Data
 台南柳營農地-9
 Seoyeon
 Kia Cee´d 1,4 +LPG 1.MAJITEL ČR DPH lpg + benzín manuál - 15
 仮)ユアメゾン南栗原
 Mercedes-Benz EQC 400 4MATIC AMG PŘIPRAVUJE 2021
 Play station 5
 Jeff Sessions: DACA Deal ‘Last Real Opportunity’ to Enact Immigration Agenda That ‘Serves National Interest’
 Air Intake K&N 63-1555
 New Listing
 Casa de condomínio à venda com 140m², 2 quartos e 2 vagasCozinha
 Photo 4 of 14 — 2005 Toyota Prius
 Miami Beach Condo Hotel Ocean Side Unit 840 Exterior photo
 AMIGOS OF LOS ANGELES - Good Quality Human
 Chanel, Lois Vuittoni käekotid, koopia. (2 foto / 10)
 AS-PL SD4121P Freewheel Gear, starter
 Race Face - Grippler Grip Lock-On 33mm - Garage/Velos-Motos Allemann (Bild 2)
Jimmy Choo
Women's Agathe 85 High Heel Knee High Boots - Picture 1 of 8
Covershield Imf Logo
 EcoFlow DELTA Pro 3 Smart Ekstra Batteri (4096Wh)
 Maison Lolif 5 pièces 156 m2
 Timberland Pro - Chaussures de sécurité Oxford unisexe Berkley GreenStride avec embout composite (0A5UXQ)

Assignment
Beginning with the line that contains "EcoFlow DELTA Pro", retype every remaining line of the listing exactly, ending with the last one.

Solution to the problem
 EcoFlow DELTA Pro 3 Smart Ekstra Batteri (4096Wh)
 Maison Lolif 5 pièces 156 m2
 Timberland Pro - Chaussures de sécurité Oxford unisexe Berkley GreenStride avec embout composite (0A5UXQ)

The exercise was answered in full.